Football tops GLMS regulatory alerts in 2018
The Global Lottery Monitoring System (GLMS), the organisation tasked with upholding sports betting integrity in the lottery industry, has said that it flagged 631 alerts to its partners in 2018, with football responsible for more than 75% of the cases.
The lottery body submitted 482 alerts relating to suspicious betting activity on football to its members and partner associations around the world, according to its 2018 intelligence monitoring report. GLMS also alerted football governing bodies about 81 matches as a result of the levels of suspicious activity.
Of these games, 46 matches organised by Uefa, the governing body of football in Europe, were flagged, while 18 match alerts were sent to the sport’s global governing body, Fifa.

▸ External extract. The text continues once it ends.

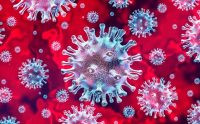 Solicitan Sesión Especial para analizar prevención y control del Coronavirus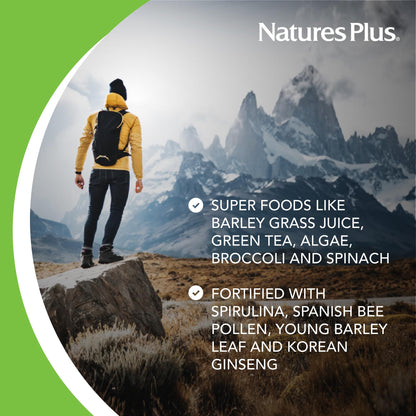 NaturesPlus FRUITEIN Revitalizing Green Foods Shake - 1.3 lbs - Plant-Based Protein (13g/Serving) - Supports Energy & Immune System - Vegetarian, Gluten Free & Non-GMO - 16 Servings NaturesPlusBuy Supplements Australia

Basketball was second to football in terms of suspicious activity, with 69 alerts, followed by tennis with 30, then ice hockey on 17.
Europe was by far the most active region in terms of irregularities caught by GMLS, with the body sending 459 alerts to members about sporting events across the continent.
Football was responsible for 359 of European alerts, ahead of basketball with 45 and tennis on 18.
Asia ranked second with 69 alerts, 40 of which were related to football, while South America came in third on 63 alerts, with all but two – one each for tennis and basketball – for football.
GLMS said that the majority of alerts were for irregularities noted before an event, with just 19% taking place during play and 7% after.
In terms of the reasons why the alerts were triggered, the large majority were down to a significant change in odds, with 231 sent to partners. A total of 124 were related to team news, with 51 filed for a suspicious change in betting odds.
GLMS also noted that 87 alerts were filed in response to a specific request, with 44 submitted after the body received certain information from a partner.
The GLMS reporting system works by the organisation generating an alert when a betting pattern is detected. This then leads to consultation with its members, as well as an investigation on potential grounds that could justify the irregularity.
If the GMLS is unable to identify a valid reason for the shift in betting patterns, it can then issue an official report.
The GMLS intelligence monitoring report offers a significantly different view on betting irregularities in sport than international betting integrity body ESSA.
Earlier this month, ESSA’s 2018 publication said that the organisation flagged 267 instances of unusual wagering activity from operator partners, to gaming regulators and sports governing bodies. More than half of these suspicious activity alerts concerned tennis, with 52 generated for football.
In December, the GLMS introduced an updated set of rules in an effort to better protecting consumers. The code applies to all GLMS members, partners, employees and executive committee members. GLMS members include the likes of Danske Spil, Svenska Spel, the Hong Kong Jockey Club and Française Des Jeux.